Последние слова знаменитых людей - стр. 26
По преданию, король спросил в кругу своих приближенных: «Неужто никто не избавит меня от этого строптивого попа?» Священник Эдуард Грим, очевидец убийства Беккета, в своем «Житии св. Томаса» передает слова короля иначе, но с тем же смыслом.
Эти слова были поняты как лицензия на убийство. 29 декабря четыре рыцаря ворвались в Кентерберийский собор и потребовали от Беккета снять отлучение с трех епископов. Он отказался. «Тогда ты умрешь», – закричали они. Беккет, согласно Гриму, ответил:
– Я готов умереть за моего Господа, чтобы из моей крови Церковь обрела свободу и мир. Но, во имя Господа Всемогущего, я запрещаю вам трогать моих людей, будь то клирики или миряне.

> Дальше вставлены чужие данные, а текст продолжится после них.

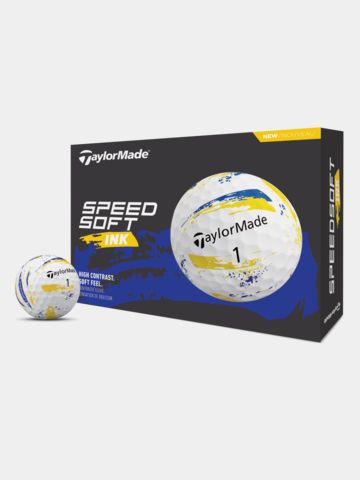 TaylorMade SpeedSoft Ink gelb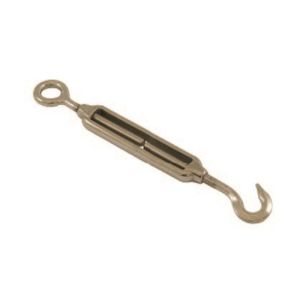 Tendeur à un anneau et un crochet M16 (Inox)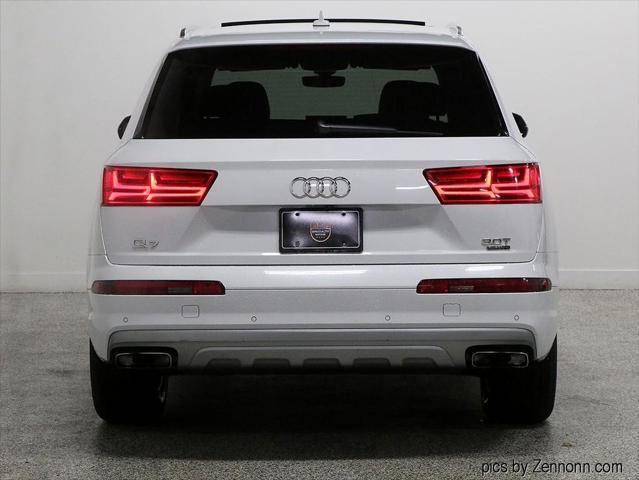 used 2017 Audi Q7 car, priced at $14,999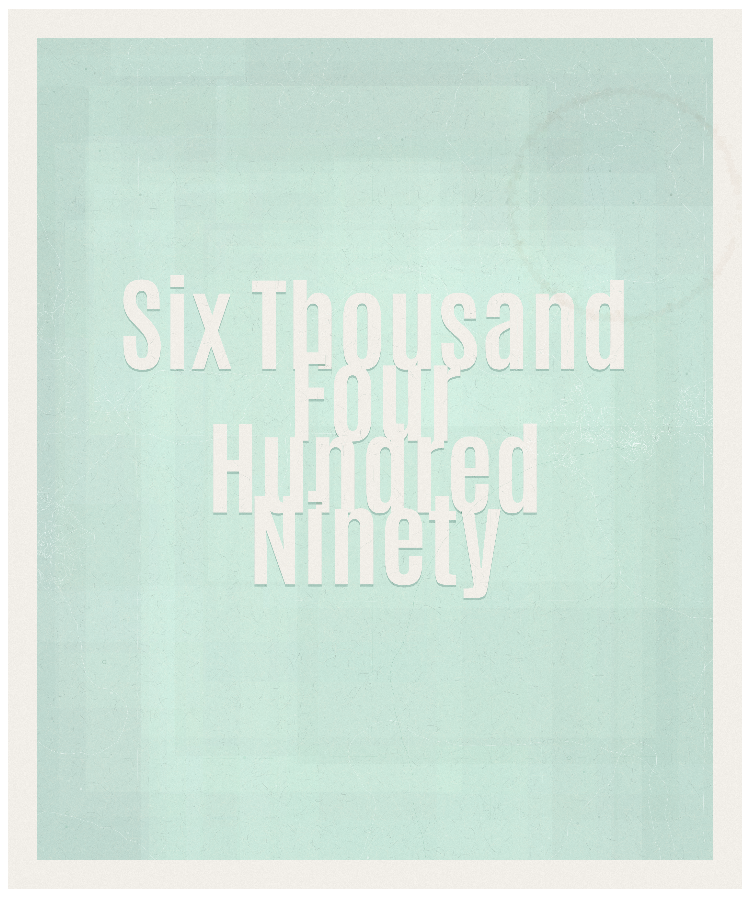 Count #6490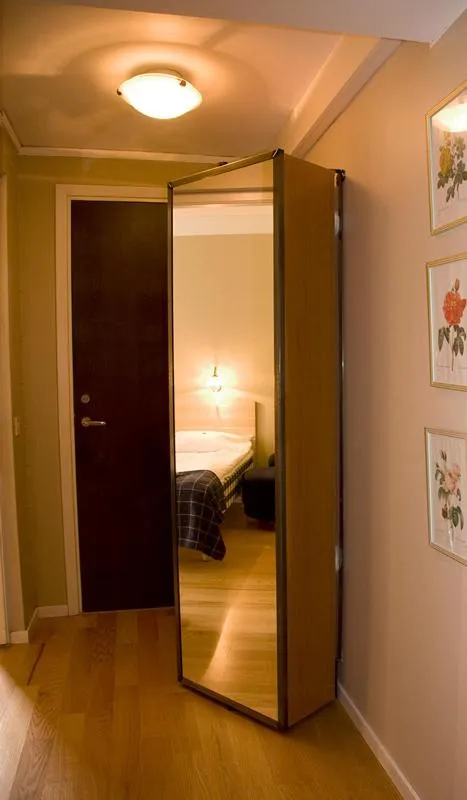 Decorative detail in Hotel Vännäs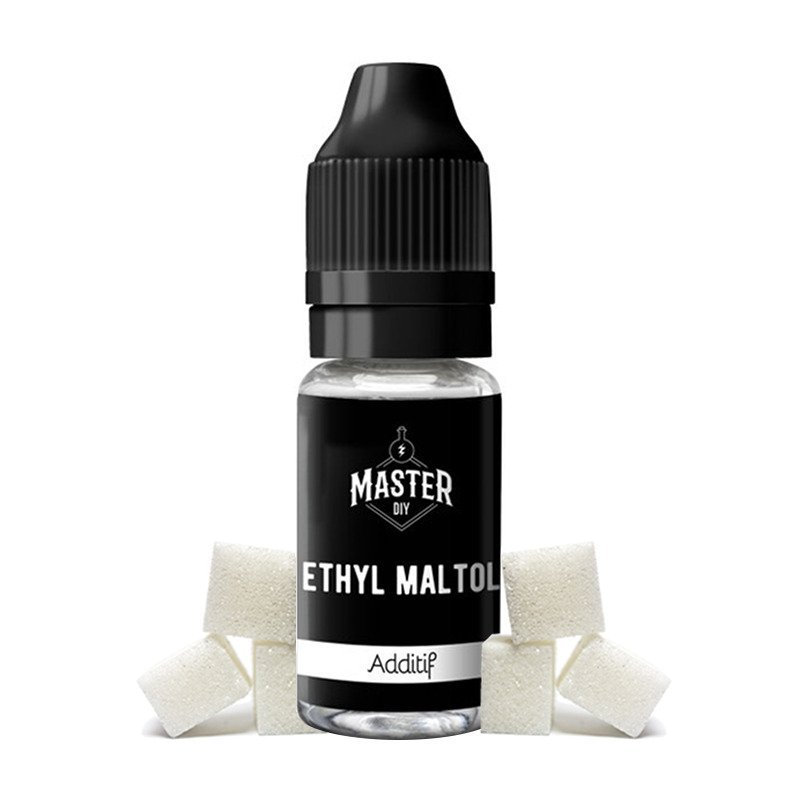 Additif goût sucré Ethyl Maltol Master DIY Additif goût sucré Ethyl Maltol Master DIY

Рыцари попытались вытащить Беккета из храма, а потом, разъярившись, стали наносить ему удары мечами прямо на ступенях, ведущих к алтарю. После третьего удара Беккет пал на колени и локти, как бы сам предлагая себя в жертву, и тихим голосом произнес:
– Во имя Иисуса и защищаемой мною Церкви я готов к объятиям смерти.
Четвертый удар раздробил ему голову. Убийца, поставив ногу на шею архиепископа, сказал: «Идемте прочь, рыцари, ему уже не подняться».
Таково свидетельство современника. Однако в легенду вошла другая предсмертная фраза Беккета:
– Даже если бы все мечи Англии были направлены в мою голову, ваши угрозы не сдвинули бы меня с места.
Эти слова сочинил поэт Роберт Саути в своей «Книге Церкви» (1824).
Виссарион Григорьевич Белинский
(1811–1848)
критик
В 1843 году Белинский женился на Марии Орловой, классной даме московского Екатерининского института. Вместе с ними поселилась Агриппина Орлова, сестра Марии, и лишь от нее мы знаем о последних днях великого критика.
Умиравший от чахотки Белинский накануне смерти был очень тих, не кашлял. В час дня он попросил позвать жену. Та, увидев его сидящим на постели с испуганными глазами, спросила:
– Ты, верно, чего-нибудь испугался?
– Как не испугаться! – живого человека жарить хотят.
Жена успокоила его, но через некоторое время он стал приподниматься. Необыкновенно громко, но отрывочно, он начал произносить речь, обращенную как будто к народу. Он говорил о гении, о честности, спешил, задыхался и вдруг с невыразимой тоской воскликнул:
– А они меня не понимают, совсем не понимают! Это ничего: теперь не понимают – после поймут. А ты-то понимаешь ли меня?
– Конечно понимаю.
– Ну, так растолкуй им и детям.
Речь его становилась все тише и невнятнее. Вдруг заплакала его трехлетняя дочь Оля; он услышал ее: «Бедный ребенок, ее одну, одну оставили!» – «Нет, она не одна – сестра с ней».